The winds kept blowing south and east, and I kept tumbling with them.

They say you shouldn’t backtrack in life, that if you’ve traveled to one place already you shouldn’t return lest the memories of the place be spoiled. No place stays the same, and neither do you.

That’s probably why I haven’t gone back to Israel, a place which has changed so much and that holds so many memories of unique experiences for me. I was there for a whole half year in the winter of 1980 – 81, working first as a ski patroller at Mount Hermon in the Golan Heights and then briefly as a kibbutz volunteer – until the day we got shelled by Katyusha rockets from over the border in Lebanon.

Hah! When my American girlfriend and I told everyone we were getting the hell out of there and heading to Turkey, they all said, whoa – dangerous place right now!

Of course it wasn’t, but it did turn out to be another journey that can never be repeated. We spent a month and reached as far east as the border regions with Georgia, Armenia, Iran and Iraq, travelling through areas which are now pretty well off-limits unless you willing to approach a simmering war zone or risk getting kidnapped for ransom. We were happy to be the only foreigners for hundreds of miles it seemed, and I wonder if going back to the safer areas of the country would be a colossal disappointment, an impossible comparison between a past burnished by selective memory and a present staring me straight in the face.
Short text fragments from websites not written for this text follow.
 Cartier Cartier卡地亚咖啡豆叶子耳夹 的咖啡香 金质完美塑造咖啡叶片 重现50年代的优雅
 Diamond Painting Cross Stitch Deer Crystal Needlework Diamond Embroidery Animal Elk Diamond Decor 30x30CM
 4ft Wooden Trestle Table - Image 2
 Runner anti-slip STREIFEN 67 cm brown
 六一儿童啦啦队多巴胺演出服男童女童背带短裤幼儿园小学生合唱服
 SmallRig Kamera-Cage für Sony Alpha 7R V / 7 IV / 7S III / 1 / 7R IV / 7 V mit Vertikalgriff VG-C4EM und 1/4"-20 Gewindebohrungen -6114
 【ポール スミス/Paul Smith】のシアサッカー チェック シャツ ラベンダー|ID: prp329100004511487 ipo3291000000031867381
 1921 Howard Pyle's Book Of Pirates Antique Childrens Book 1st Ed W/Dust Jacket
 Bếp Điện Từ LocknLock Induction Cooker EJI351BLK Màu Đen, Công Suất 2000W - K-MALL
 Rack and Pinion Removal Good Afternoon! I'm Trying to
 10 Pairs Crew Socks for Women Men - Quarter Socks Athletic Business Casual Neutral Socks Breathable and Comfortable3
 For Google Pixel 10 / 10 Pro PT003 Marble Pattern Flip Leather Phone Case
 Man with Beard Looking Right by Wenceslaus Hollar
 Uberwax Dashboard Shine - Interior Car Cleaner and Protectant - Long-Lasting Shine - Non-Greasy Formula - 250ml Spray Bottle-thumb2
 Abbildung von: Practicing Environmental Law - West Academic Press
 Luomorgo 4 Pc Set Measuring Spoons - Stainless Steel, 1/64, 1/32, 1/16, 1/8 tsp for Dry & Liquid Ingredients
Selective memory – no kidding. I caught some bug and was sick for most of the the last two weeks in Turkey, surviving on boiled eggs and sesame-seed bread and returning home a sunken-chested straw-haired scarecrow.

So it was with a mixture of apprehension and anticipation that I pressed ‘”book now” last month to reserve flight tickets from Hamburg to Istanbul for a two-week trip later this month that will be one of discovery for my wife and the little red-haired girl, and of rediscovery for me.

We won’t be going anywhere near the turmoil in the far east, though. Our plans are to stay in Istanbul for five nights, then take an overnight train to Cappadocia for five nights, then back to Istanbul.  We have friends from our Hong Kong days now living in that city and we’re looking forward to seeing them, too.

About the photos: They were all taken in Cappadocia, a fairyland of cave dwellings, hobbit houses, fresco-covered walls of underground churches, whole cities carved out of soft volcanic stone.

My girlfriend and I travelled to Turkey before the country had its tourist boom. Most everywhere we went we were greeted or even followed by curious locals just wanting to get a better look at us. The lady in the blue blouse top-right in the photo above was an English teacher who glommed on to us one afternoon and gave us a tour of the town of Ürgüp with her friends, later inviting us all over to her place for tea and cakes. She was the only one of the bunch who spoke any English.

I have this flashback travel fantasy film that plays over and over in my head whenever I look at these shots of us with all those friendly women back then. I take a few prints back to the town, show them to shopkeepers, rail station clerks, taxi and bus drivers, hotel receptionists, and ask them if they recognise any of the people in the photos.

“Yes!” one of them says. “Her! I know who she is!” And I’m given the address of the woman whose youthful image they’ve recognised, and after much searching go knock on her door, eagerly introducing myself and thrusting the nearly 30-year-old photo into her view.

“That’s you!! I’ll say. “Do you remember me? Do you remember sitting for this picture?”

She’ll look up at me and smile and invite us in for tea and cakes.

And in the meantime she’ll have learned some English… or German, or French… and we’ll finally get to know each other a bit. I somehow feel like I know them anyway, I’ve showed their image to so many people over the years.